É fundamental diferenciar as discussões de receitas com overdoses de ingredientes, perda de tradições locais pela invasão estrangeira, deterioração da nossa soberania alimentar da função da adaptação de receitas para satisfazer o gosto de onde se busca o consumo. O livro e a série Cozinhar, de Michael Pollan, demonstram bem os problemas advindos da tentativa de homogeneizar produtos e receitas pela indústria. O que é bem diferente da adaptação, ou cultismo, ao tradicional. (as vezes tenho a impressão que algumas pessoas imaginam que estão na Itália, ou no Japão, e não em terras brasileiras (onde tudo é possível!)

Tradições são móveis! Como diz o chef Massimo Bottura “Cozinhar é o único caminho que eu conheço para trazer o melhor do passado para o futuro. Se as tradições são colocadas em um pedestal elas estagnam”. A 200 anos atrás, a Itália nem era unificada, e o milho e tomate chegaram lá a menos de 450 anos… 

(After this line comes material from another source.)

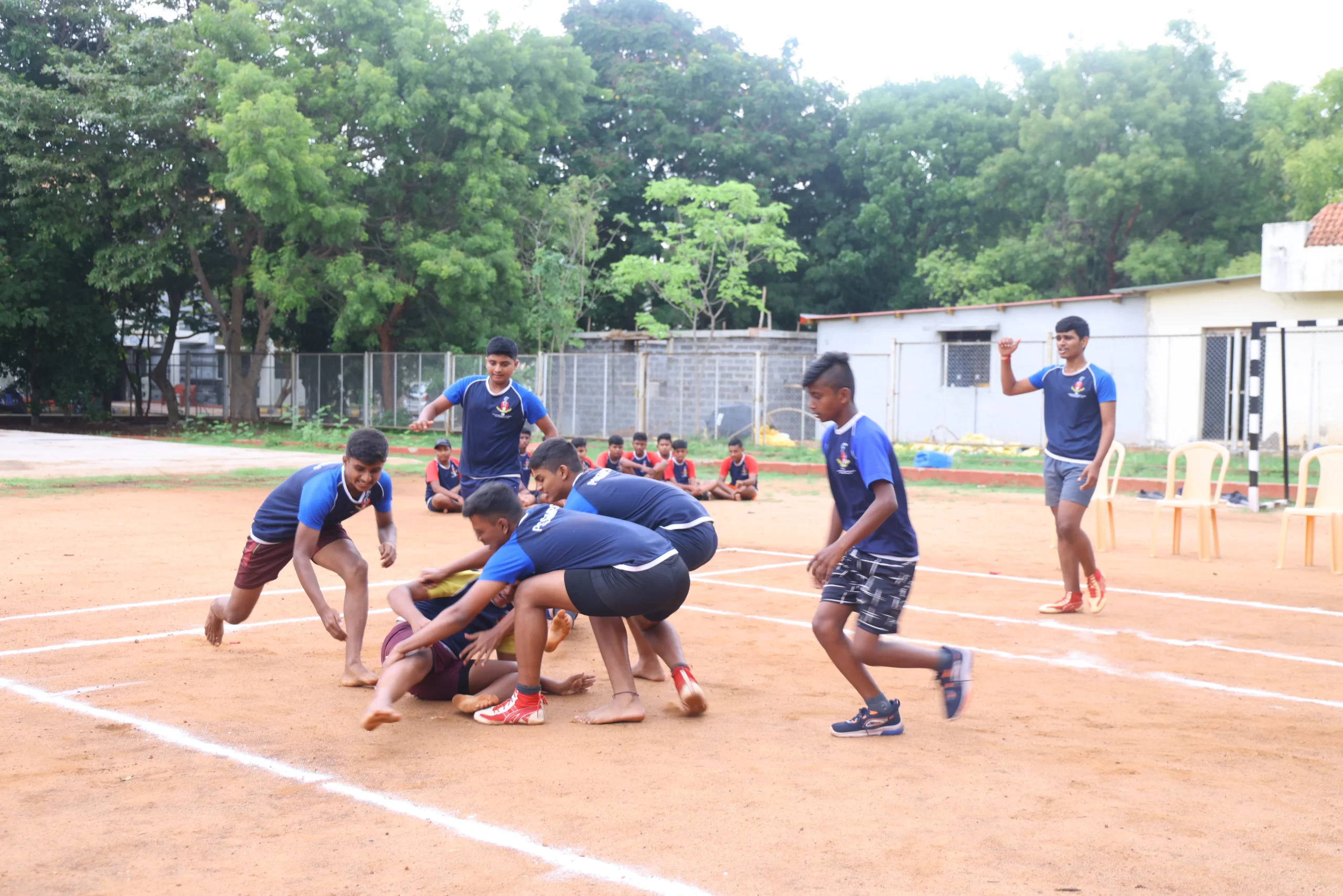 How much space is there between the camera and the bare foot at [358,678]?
6.41 m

O famoso historiador Eric Hobsbawm sempre demonstrou que muitas tradições nacionais e locais são simplesmente inventadas e não advindas de anos de repetição e culto. Isso se aplica para vários pratos, pois boa parte das receitas que hoje fazem parte da nossa mesa nunca foram realmente originárias e puras, são adaptações para a formação de uma culinária brasileira.

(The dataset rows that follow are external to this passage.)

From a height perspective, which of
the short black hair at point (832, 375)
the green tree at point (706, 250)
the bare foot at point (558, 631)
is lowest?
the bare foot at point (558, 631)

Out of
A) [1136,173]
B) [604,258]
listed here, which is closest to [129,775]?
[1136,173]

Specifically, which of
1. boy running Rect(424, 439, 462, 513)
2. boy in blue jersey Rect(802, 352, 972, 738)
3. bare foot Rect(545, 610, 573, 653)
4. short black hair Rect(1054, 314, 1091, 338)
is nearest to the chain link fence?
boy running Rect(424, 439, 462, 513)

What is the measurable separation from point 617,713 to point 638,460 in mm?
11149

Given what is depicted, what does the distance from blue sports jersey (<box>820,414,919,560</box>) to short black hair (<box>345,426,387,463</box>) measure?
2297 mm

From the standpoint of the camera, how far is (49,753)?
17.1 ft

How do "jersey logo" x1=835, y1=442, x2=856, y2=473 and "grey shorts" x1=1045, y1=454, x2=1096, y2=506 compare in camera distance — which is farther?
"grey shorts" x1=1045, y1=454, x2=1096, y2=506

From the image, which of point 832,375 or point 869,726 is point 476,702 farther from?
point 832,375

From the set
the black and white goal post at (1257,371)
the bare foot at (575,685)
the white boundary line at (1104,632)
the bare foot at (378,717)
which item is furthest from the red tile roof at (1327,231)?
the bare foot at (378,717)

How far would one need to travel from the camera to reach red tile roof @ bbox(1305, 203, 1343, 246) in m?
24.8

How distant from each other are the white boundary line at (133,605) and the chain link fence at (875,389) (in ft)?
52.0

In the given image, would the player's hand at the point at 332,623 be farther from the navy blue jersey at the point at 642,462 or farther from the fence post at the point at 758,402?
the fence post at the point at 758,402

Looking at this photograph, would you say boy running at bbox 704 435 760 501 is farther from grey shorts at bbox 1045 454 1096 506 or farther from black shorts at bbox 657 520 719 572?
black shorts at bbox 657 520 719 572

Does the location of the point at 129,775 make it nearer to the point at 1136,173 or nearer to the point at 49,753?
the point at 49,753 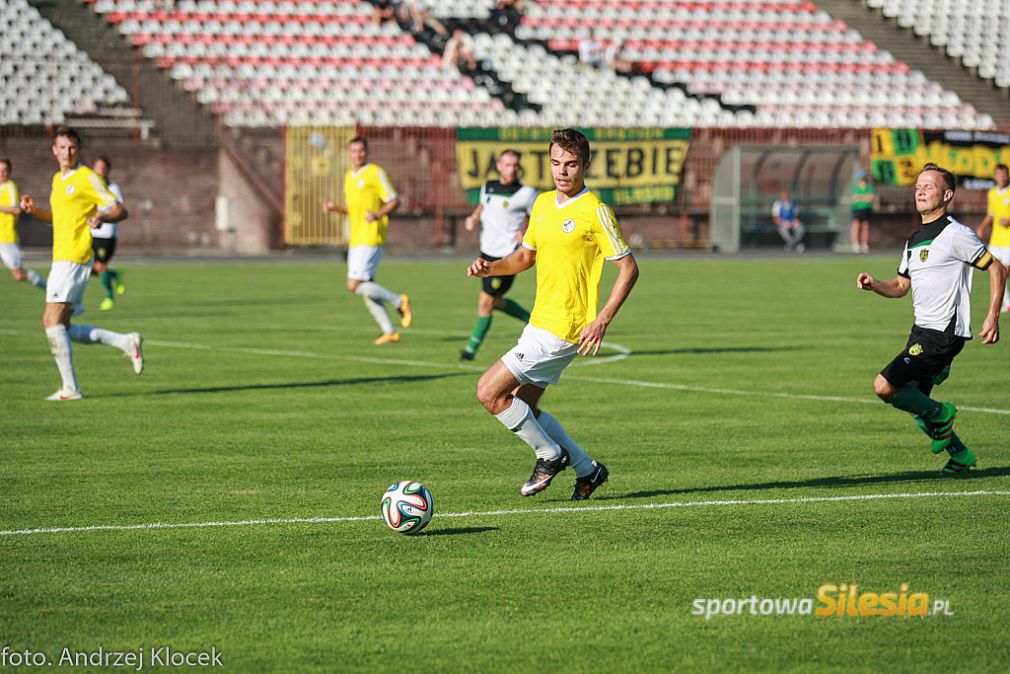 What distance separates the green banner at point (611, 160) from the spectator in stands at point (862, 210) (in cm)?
507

O livro You and I Eat the Same (Eu e Você Comemos o Mesmo) organizado por Chris Ying, demonstra em vários ensaios como temos mais similaridades que diferenças em nossa alimentação . Existem muitas receitas, mas nem tantas formas de servir algo. Talvez, fazer essas misturas locais seja uma maneira de possibilitar que essas receitas sobrevivam ao tempo.

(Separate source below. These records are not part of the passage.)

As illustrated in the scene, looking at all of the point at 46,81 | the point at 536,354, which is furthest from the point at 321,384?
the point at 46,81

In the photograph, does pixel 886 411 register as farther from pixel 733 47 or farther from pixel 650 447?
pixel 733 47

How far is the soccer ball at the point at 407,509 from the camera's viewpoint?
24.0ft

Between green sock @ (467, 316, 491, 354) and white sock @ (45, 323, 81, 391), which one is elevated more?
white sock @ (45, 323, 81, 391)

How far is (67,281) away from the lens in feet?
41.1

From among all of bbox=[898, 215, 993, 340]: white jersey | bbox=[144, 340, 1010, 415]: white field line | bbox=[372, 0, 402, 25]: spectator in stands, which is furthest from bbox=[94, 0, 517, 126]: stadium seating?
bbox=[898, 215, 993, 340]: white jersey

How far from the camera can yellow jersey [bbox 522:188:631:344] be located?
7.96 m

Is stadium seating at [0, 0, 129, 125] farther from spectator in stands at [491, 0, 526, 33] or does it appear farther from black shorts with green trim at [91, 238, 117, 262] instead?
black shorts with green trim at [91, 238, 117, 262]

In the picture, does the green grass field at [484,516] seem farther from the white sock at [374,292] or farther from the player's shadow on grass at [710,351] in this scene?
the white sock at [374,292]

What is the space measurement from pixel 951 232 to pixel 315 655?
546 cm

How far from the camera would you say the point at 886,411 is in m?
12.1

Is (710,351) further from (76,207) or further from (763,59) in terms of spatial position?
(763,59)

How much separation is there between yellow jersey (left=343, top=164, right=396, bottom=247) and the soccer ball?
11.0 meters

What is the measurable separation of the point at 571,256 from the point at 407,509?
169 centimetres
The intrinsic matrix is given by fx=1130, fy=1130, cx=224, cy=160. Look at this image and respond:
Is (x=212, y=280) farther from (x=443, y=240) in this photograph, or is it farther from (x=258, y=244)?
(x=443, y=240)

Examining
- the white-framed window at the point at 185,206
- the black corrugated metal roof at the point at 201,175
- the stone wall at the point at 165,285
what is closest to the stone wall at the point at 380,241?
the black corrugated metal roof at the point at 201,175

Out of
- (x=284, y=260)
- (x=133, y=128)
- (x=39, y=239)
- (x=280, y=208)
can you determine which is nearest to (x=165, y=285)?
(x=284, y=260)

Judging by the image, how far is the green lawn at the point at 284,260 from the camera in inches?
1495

No percurso de resistir ao esquecimento, a comida se adapta a lugares em que convivem com o estranhamento. Comer peixe cru não era algo comum no Brasil como é hoje; flambar, selar e misturar outros ingredientes  são formas de apresentar o alimento de maneira mais atrativa para um novo consumidor.

Muitos aprovariam um sushi com formiga amazônica ou trufas dentro de uma cozinha fusion ou de autor, mas não em servir sushi com queijo cremoso. Não seria fusion da mesma maneira? Ou uma pizza de strogonoff onde dois preparos já bem adaptados ao estilo brasileiro  se encontram. Ambos não seriam fusion também? Existe uma combinação mais brasileira que pizza de strogonoff?

Nesta perspectiva, acredito que deveríamos passar mais tempo ensinando nossos consumidores do que condenando adaptações. Essas “heresias” podem ser o impulso necessário para tornar nossos alimentos mais conhecidos entre o público.

O açaí chegou ao sudeste adaptado e fez com que várias pessoas quisessem conhecer o Norte, como disse Castanho. Uma vez na região, as pessoas tem a oportunidade de ter contato com o açaí tradicional, servido de acordo com a cultura local.

Podemos optar em simplesmente lutar contra esta corrente. No entanto,  podemos estar perdendo o aprendizado de experiências inusitadas que contam a história de um modo de nos relacionarmos com os alimentos, os gostos e a gastronomia.